What needs to be done: Please reproduce all of the data below exactly, leaving each picture out.

Extracted material:
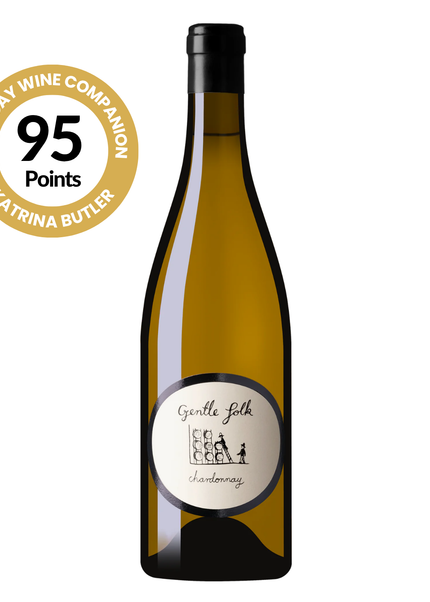 Gentle Folk Chardonnay 2025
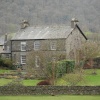 Old Vicarage, Satterthwaite, Grizedale Forest near Hawkshead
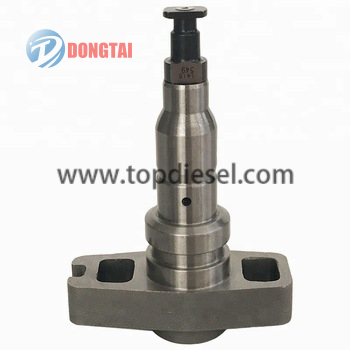 Competitive Price for Denso Valve - Plunger(Element) MW Type – Dongtai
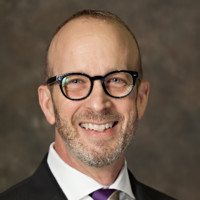 Eric Russell, DC, FPHC, MBA, FICA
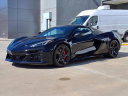 Thumbnail image of 2024 Chevrolet Corvette at Northside Imports Houston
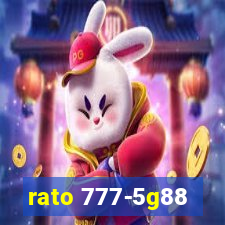 rato 777-5g88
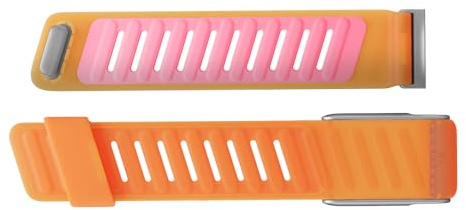 WHOOP SportFlex – Compatible with One, Peak and Life – Waterproof, Sweatproof, Silicone Accessory for Health & Fitness Wearable – 24/7 Activity, Sleep, Recovery Tracker - Not Compatible with Gen 4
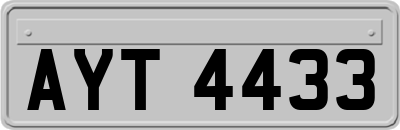 AYT4433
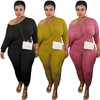 Off the Shoulder Set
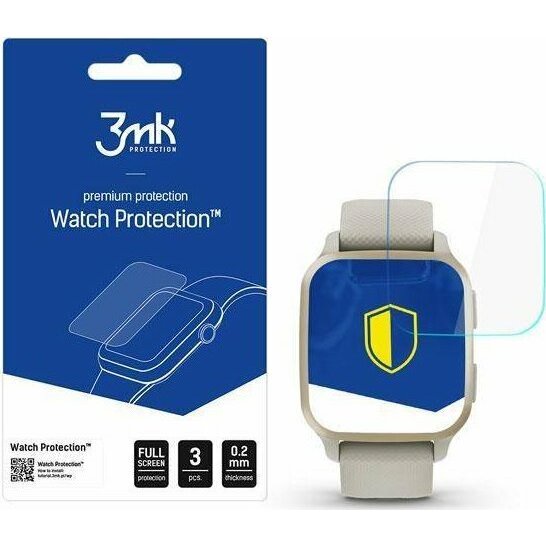 3mk ARC Watch Garmin Venu SQ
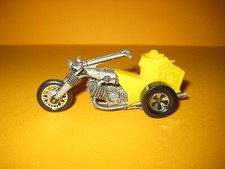 Hot Wheels - Rrrumblers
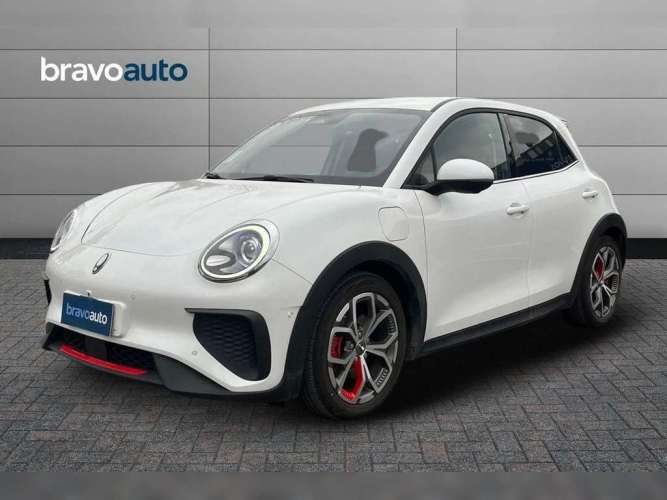 GREAT WALL ORA 03 2025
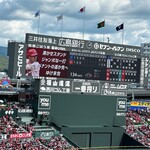 MAZDA Zoom-Zoom スタジアム 広島 - 球場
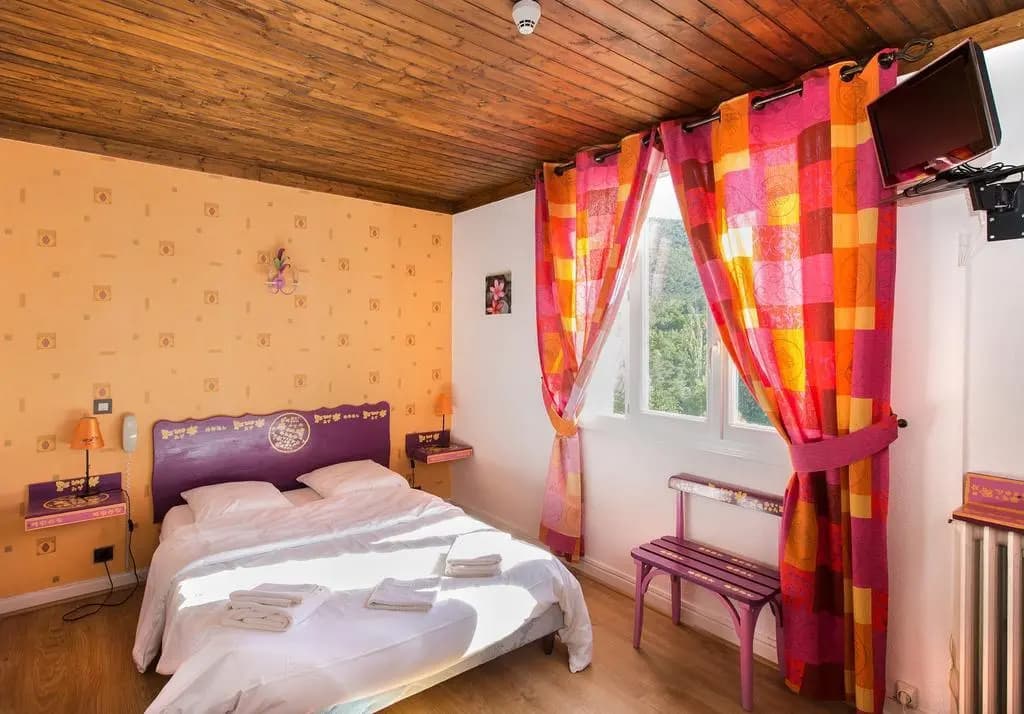 Auberge de l'escargot d'or - Photo 2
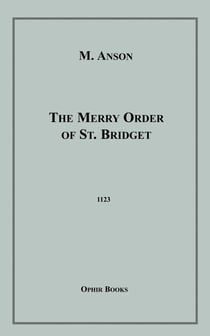 The Merry Order of St. Bridget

Expected output:
 Gentle Folk Chardonnay 2025
 Old Vicarage, Satterthwaite, Grizedale Forest near Hawkshead
 Competitive Price for Denso Valve - Plunger(Element) MW Type – Dongtai
 Eric Russell, DC, FPHC, MBA, FICA
 Thumbnail image of 2024 Chevrolet Corvette at Northside Imports Houston
 rato 777-5g88
 WHOOP SportFlex – Compatible with One, Peak and Life – Waterproof, Sweatproof, Silicone Accessory for Health & Fitness Wearable – 24/7 Activity, Sleep, Recovery Tracker - Not Compatible with Gen 4
 AYT4433
 Off the Shoulder Set
 3mk ARC Watch Garmin Venu SQ
 Hot Wheels - Rrrumblers
 GREAT WALL ORA 03 2025
 MAZDA Zoom-Zoom スタジアム 広島 - 球場
 Auberge de l'escargot d'or - Photo 2
 The Merry Order of St. Bridget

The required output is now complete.